Taveta’s century-old church calls for rehabilitation
By Renson Mnyamwezi | June 2nd 2021
Tucked away on a hill in the outskirts of Taveta town, Mahoo ACK Holy Trinity Church is still revered to date.
Though small in size, it is one of the first churches built by the early missionaries and stands derelict to this day.
Following its gazettement by the Government as a national monument, residents and leaders are expected to protect it for future generations, but this is not happening.
Historians and scholars say the first inland church was built at Mahoo by the Church Missionary Society in 1890s. Rev Albert Remington Steggall, the superintendent of the CMS station and founder of Taveta Chronicle used to preach in the church.
History shows that John Rebmann was the first to venture into the interior and went as far as Kilimanjaro, a time, which Krapf built his residential house, which still stands to date.
In the same house, Krapf built an upper house, which served as the church office.
When Rebmann returned, he also built his house, which was more of a classroom. Krapf ventured as far as Usambara in northeastern Tanzania and on coming back, introduced formal education.
And when Krapf went back to Europe, Rebmann took up the task of evangelism and built the current church between 1883 and 1887; this was 35 years after the first church had been built.
Inside the church, pieces of old furniture, the structure of a vicarage that had been corrupted are still in existence. Also standing tall is the First World War Watch Tower at the church.
“I had earlier cautioned the ACK church not to interfere with the structure but they ignored. The church building has been interfered with hence losing its historical heritage,” said Kimaru Folonja, an elder in Taveta.
He noted that behind the church, there are military bunkers for the soldiers who fought during WWI from 1914 to 1918 pitting the British and the Germans in Taveta sub-county, the epicenter of the war.
Folonja, 68, says the bunkers are falling apart due to old age, human activities, and lack of preservation.
“People just see the church as a local feature but historically, the structure is an important landmark that should be preserved for future generations,” says Folonja.
“The congregants have painted the building and expanded it instead of preserving it as a historical heritage. Interference has made the monument lose its value. The building has a historical background that needs to be protected,” he added.

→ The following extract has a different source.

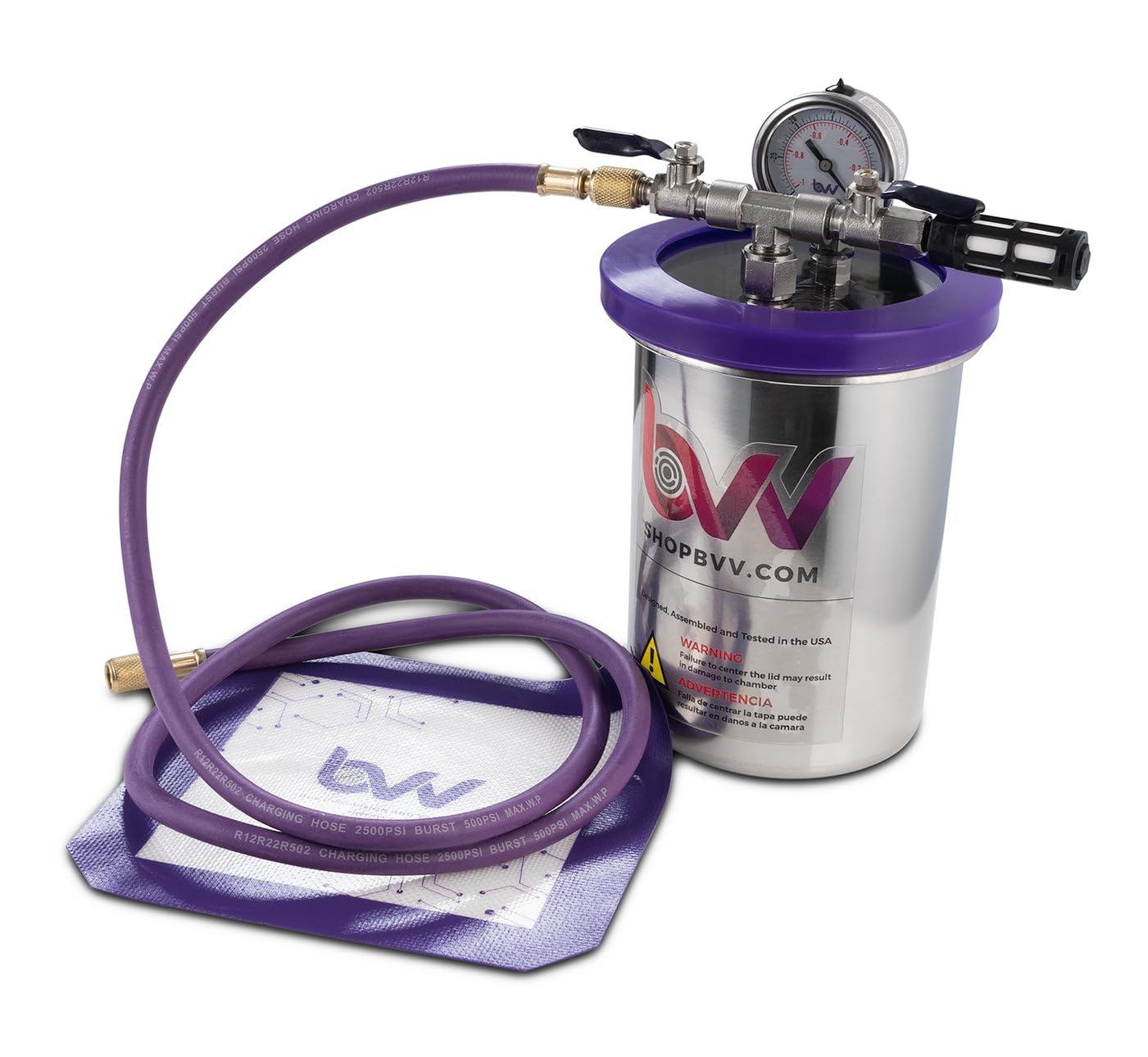 BVV 2 Quart Tall Stainless Steel Vacuum Chamber for Food Preservation, Resin Degassing & Science Experiments - Airtight Seal Kitchen & Lab Equipment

Folonja warned that the church's history will die if it is interfered with.
“No preservation is going on at one of the oldest churches and a historical monument,” he said, adding that its historic importance will disappear if deliberate efforts are not being made to preserve it.
“The problem is that nobody has bothered to protect the national monument. It pains me to see that feature going into waste,” he said.
The region was one of the epicenters of fighting between British and German forces and the devastating effects of WW1 are still evident in parts of the county.
During the war, Kasigau location was turned into a theatre, and residents were evicted from their ancestral land and deported to Malindi.